2.1 How to use Flowing Mode Reading

Let us take an example of fs.createReadStream to read a file. The following code will never call the ‘end‘ event as the reading will not start at all.

Similar to ‘finish‘ event in the writable stream, the read stream always calls the ‘end‘ after completely reading the data.

const fs = require('fs');
const rs = fs.createReadStream('example.txt','utf8');

// Since the reading will not start, the 'end' event will never arise.

rs.on('end', () => {
  console.log('Reading completed!'); // Will not be called.
});

In order to start reading the data in the flowing mode, we can use any of the following three approaches :

  1. Call resume()
  2. Pipe it to a writable stream or
  3. Add a on(‘data’) event handler

In all these three cases, the buffer will start streaming the data in chunks until it completes the reading. The three tabs below shows the code snippet for each with comments.

const fs = require('fs');
const rs = fs.createReadStream('example.txt','utf8');

rs.on('data', (chunk)=>{
    // The stream keeps triggering the data event 
    // for each chunk of data received in the buffer
    //console.log('\nData length : '+ chunk.length +' bytes'); 
});

rs.on('end', () => {
  console.log('Reading completed!');
});

//Output :
//Reading completed!
const fs = require('fs');

const ws = fs.createWriteStream('example-copy.txt','utf8');
const rs = fs.createReadStream('example.txt','utf8');

//2. When we pipe the readable stream to writeable stream,
//   it's another way to start the flow of data from the buffer
rs.pipe(ws);

rs.on('end', () => {
  console.log('Reading completed!');
});

//Output :
//Reading completed!
const fs = require('fs');
const rs = fs.createReadStream('example.txt','utf8');

//3. We can simply resume the flowing mode using resume
//   Here, we are consuming all data without doing anything. 
rs.resume();

rs.on('end', () => {
  console.log('Reading completed!');
});

//Output :
//Reading completed!
2.2 How to use Paused Mode Reading

Instead of asking the buffer to stream the incoming data, we can also manually read the data from it using stream.read().

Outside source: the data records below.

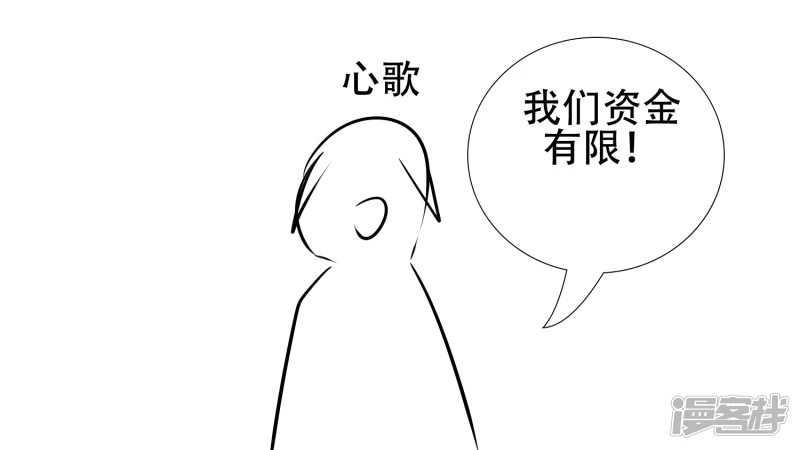 感谢你们(1/2)-第33话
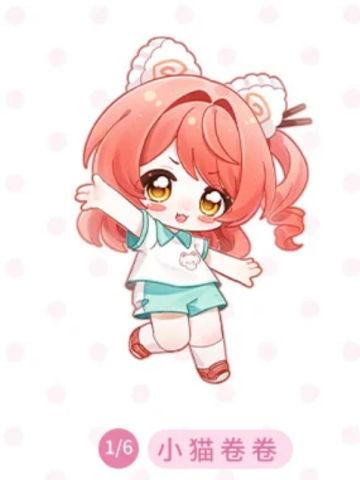 小猫卷卷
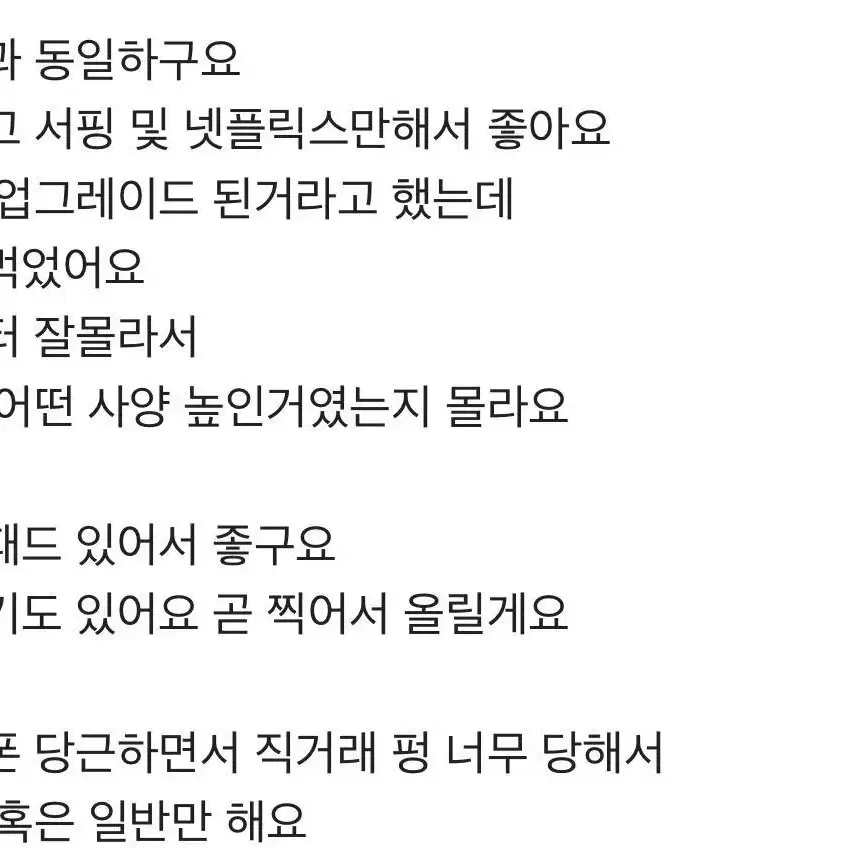 맥북프로 사과 불들어오는 15인치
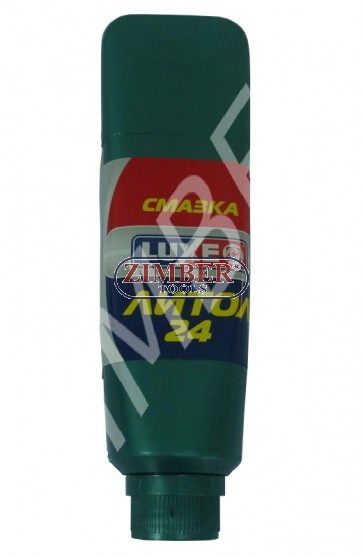 ~Грес Литол - 24 - 0.300кг.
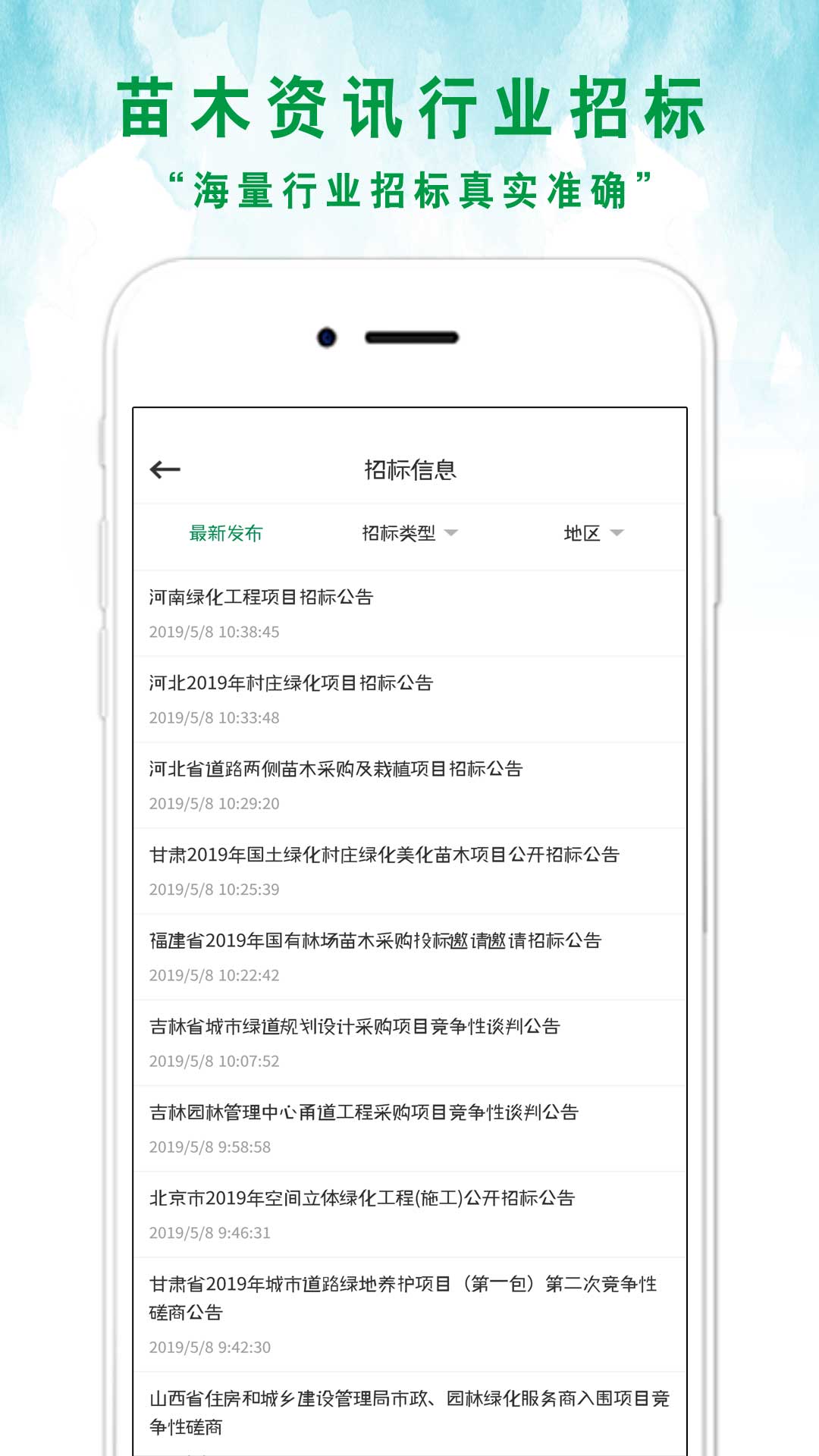 苗来苗往v1.6.2截图3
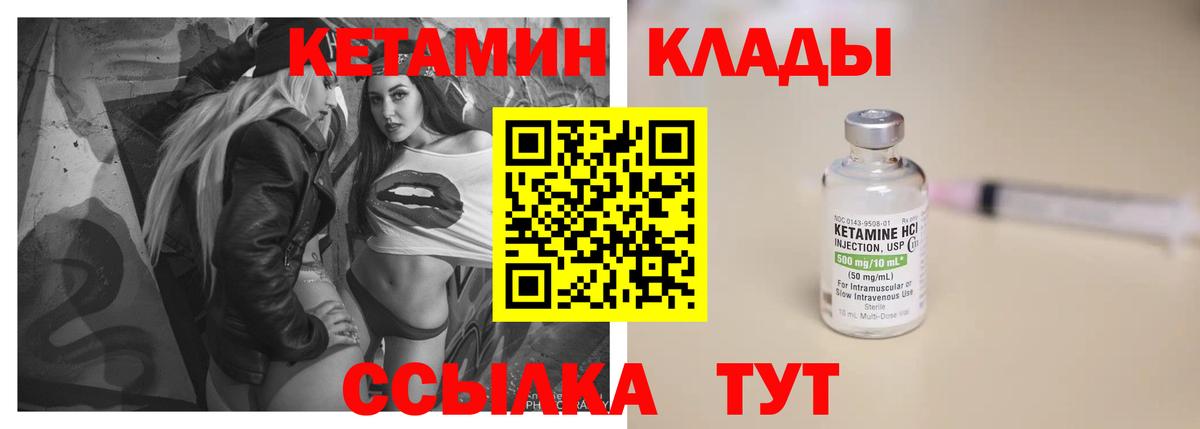 Кетамин ketamine  Вход с VPN  Губкин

In order to read the data from the buffer manually, we can add a ‘readable‘ event handler instead. Adding this event handler over-rides any configuration for the flow-mode and keeps the stream in the pause mode.

The stream triggers a readable event whenever the data becomes available for read. The below code shows how to read using ‘readable’ event handler using read() .

const fs = require('fs');
const rs = fs.createReadStream('example.txt','utf8');

rs.on('readable', ()=>{
     
    //reading all data manually in a loop
    while(chunk = rs.read()){
      console.log('\nData length : '+ chunk.length +' bytes');
    }

});

rs.on('end', () => {
  console.log('Reading completed!');
});

Here, we have created a 10000 line file using the write stream example we have created above.

As we read this test file, can find the output as below which shows each read provides a chunk of data from the buffer.

F:\nodejs\samples\streams>node pause-mode-read.js

Data length : 65536 bytes

Data length : 65536 bytes

Data length : 65536 bytes

Data length : 65536 bytes

Data length : 56790 bytes
Reading completed!

Importantly, from within the ‘readable‘ event handler, if we do not use stream.read() the data will stay in the buffer and the ‘end’ event will never be triggered.

Now, having seen two ways of reading, it is recommended to use only one mode of reading instead of mixing them together. From ease of use point of view the flow mode is better.

 

2.3 How to Pause and Resume while Reading in Flowing Mode

One challenge in the flow mode could be when the rate of flow is more than what we can consume. For example, if the writeable stream we are writing into from our readable stream is flagging a backpressure.

To address this issue, this mode allows us to pause and restart the reading using pause() and resume() respectively.

While writing into a writable stream, we can pause feeding more data on backpressure and, then resume on the ‘drain’ event.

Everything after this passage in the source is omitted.